You can use the reference list of an article or book to find related literature (snowball method). Citation databases Scopus and Web of Science also offer the option to follow the chain of references in the other direction: which articles have cited a particular article or book (cited reference search)?
Click on the picture to enlarge it.
Example of a Citation Map, created in Web of Science. On the left hand you find the reference list of the article in the middle (Zwaan, R. A. (2014). Embodiment and language comprehension: Reframing the discussion. Trends in Cognitive Sciences,18(5), 229-234. doi:10.1016/j.tics.2014.02.008) and on the right hand the articles citing Zwaan's article (at the time this picture was made, the article has more citations now). [Unfortunately, the Citation Map features has been retired by Web of Science, it is no longer possible to create a citation map.]

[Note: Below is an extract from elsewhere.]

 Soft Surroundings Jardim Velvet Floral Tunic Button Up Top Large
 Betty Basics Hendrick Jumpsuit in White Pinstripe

When you have a list of publications, for example after performing a topic search in Scopus or Web of Science, this citation information helps you to identify key publications (as measured by the number of citations received) and other potentially relevant publications:
With the handout Citation information in Web of Science (pdf), you can find different types of citation information in Web of Science. You can use this citation information to find additional literature and to select literature, for example key publications or 'hot papers'.
This handout is based on Web of Science. Scopus offers comparable tools. In the blogpost, Five steps to creating a citation overview in Scopus, Scopus explains how you can use their tools.